Letter From Buenos Aires
couple of weeks ago something very strange happened. While speaking with my Spanish professor, I said "us" when referring to Argentines. I paused, looked at my professor and asked, "Did I just say, 'us'?" She laughed and said, "Gavin, you're a porteño now," using the name for someone from Buenos Aires.
The experience is often shared by many students studying abroad. At first you feel like a stranger. You feel like you don't belong. You notice all of the little things that are different, like the traffic signals that turn yellow a second before they turn green. But after awhile everything just becomes familiar and normal. You stop making the comparisons and just accept everything for what it is. That is the point where you truly immerse yourself in another culture; the semester ceases to be an exploration and turns, simply, into your daily life.
I first studied in Buenos Aires with the Council on International Educational Exchange during the fall of my junior year.
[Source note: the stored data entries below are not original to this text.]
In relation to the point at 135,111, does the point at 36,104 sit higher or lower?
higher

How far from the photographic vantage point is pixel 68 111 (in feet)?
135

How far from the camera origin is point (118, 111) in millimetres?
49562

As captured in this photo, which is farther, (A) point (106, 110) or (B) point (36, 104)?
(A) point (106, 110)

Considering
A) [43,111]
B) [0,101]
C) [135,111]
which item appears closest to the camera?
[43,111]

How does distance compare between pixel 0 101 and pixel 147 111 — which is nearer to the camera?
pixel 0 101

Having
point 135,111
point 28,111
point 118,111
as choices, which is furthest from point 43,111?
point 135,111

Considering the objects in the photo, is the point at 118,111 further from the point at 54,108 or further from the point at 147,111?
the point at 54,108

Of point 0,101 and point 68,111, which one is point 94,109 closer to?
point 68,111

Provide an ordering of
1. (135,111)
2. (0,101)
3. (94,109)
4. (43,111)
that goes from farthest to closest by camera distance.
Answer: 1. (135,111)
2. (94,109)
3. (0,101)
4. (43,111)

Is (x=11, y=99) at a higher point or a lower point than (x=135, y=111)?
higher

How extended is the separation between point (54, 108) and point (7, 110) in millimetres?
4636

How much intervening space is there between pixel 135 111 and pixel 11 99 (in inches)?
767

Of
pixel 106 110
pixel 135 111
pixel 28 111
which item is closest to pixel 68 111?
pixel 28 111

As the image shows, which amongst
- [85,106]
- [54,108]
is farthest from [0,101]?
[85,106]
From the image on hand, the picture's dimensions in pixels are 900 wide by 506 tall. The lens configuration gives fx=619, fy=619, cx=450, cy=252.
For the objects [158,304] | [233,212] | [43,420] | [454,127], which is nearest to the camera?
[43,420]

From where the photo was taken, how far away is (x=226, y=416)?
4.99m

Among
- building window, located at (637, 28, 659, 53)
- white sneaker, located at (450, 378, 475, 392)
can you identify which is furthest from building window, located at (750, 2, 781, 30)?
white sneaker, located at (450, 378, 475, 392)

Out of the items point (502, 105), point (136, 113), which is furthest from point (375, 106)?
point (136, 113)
Now I'm back as the first-ever participant of the Swarthmore Buenos Aires program. Professor of History and native Argentine Diego Armus believed he could use his network of academic connections in Buenos Aires to create a program tailored to the varied interests of Swarthmore students. I can attest that he has succeeded in creating an academic environment in which the classes are one-on-one with professors and the curriculum is as demanding as Swarthmore's.
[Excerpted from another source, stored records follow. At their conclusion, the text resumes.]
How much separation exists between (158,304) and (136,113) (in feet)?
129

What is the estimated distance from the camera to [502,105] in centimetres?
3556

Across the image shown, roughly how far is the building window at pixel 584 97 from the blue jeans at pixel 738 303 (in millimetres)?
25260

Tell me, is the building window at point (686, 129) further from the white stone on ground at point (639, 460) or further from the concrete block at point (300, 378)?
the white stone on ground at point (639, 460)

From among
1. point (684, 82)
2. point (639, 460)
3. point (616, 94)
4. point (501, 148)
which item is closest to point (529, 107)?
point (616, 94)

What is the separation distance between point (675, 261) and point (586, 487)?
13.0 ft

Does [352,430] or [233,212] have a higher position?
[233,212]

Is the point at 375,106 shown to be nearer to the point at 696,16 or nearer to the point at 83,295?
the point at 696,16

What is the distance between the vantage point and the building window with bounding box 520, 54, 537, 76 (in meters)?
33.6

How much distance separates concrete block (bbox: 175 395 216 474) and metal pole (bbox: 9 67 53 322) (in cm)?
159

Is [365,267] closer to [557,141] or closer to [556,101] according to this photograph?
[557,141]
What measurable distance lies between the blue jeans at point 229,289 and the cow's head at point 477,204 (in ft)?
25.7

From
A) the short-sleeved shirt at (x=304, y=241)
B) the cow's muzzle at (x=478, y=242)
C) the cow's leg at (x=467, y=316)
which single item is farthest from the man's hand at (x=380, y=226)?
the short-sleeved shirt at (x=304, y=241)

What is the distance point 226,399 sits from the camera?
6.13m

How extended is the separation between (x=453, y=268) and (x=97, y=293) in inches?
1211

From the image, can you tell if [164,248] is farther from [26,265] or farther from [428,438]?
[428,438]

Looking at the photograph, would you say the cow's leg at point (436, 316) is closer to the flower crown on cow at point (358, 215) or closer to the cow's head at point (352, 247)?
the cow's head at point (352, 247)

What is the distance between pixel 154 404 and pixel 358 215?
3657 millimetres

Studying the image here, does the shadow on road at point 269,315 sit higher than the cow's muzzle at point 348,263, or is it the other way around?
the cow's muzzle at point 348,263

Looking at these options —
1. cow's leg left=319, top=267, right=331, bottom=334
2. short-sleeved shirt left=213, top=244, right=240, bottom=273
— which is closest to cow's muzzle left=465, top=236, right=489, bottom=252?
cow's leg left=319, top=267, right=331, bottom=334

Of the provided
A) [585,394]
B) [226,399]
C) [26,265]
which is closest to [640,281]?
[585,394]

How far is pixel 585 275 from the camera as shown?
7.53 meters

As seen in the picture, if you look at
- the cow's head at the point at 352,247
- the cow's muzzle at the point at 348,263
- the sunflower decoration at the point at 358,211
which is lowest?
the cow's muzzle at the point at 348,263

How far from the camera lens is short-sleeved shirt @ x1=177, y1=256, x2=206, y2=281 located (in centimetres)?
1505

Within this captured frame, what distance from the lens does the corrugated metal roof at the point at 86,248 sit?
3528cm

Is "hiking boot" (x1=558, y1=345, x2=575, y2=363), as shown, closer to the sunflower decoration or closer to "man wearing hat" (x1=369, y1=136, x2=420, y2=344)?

For instance, I am taking a political science class with Professor Maria Matilde Ollier, one of the first academics to publish a book on the military government in Argentina from 1976-1983. My first homework assignment was to read one of her books. The next week I was able to ask specific questions directly to the author herself. Her responses even included her own experiences as a Montonera guerilla during the early 1970s.
In my Spanish language course, we work on a wide array of areas including literature and grammar. The one-on-one nature of the class allows us to do exercises that a normal classroom environment wouldn't be suitable for. One writing exercise involved writing an argumentative article in the style of a letter to the editor. After doing the exercise, I submitted my letter to the editor of La Nación, one of the city's two or three major newspapers. To my surprise, the following day the paper printed the letter along with my email address. My inbox the next few days was flooded with Argentines either berating my letter or congratulating me.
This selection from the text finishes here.